## Exercise instructions
Print nothing except the lines of the listing below from the line with "Schwarzer Kassettenadapter mit" to the line with "10 kr. 1979", each exactly as written, both ends included.

## Record extracts
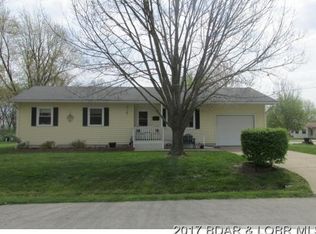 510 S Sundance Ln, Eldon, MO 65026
---
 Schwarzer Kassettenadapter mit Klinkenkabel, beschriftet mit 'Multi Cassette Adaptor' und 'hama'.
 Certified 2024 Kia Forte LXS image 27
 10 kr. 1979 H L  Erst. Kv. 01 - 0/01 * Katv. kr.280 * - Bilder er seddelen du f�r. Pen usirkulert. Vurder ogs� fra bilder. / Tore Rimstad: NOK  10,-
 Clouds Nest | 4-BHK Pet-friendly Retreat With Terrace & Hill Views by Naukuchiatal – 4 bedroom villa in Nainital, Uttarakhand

## Problem solution
 Schwarzer Kassettenadapter mit Klinkenkabel, beschriftet mit 'Multi Cassette Adaptor' und 'hama'.
 Certified 2024 Kia Forte LXS image 27
 10 kr. 1979 H L  Erst. Kv. 01 - 0/01 * Katv. kr.280 * - Bilder er seddelen du f�r. Pen usirkulert. Vurder ogs� fra bilder. / Tore Rimstad: NOK  10,-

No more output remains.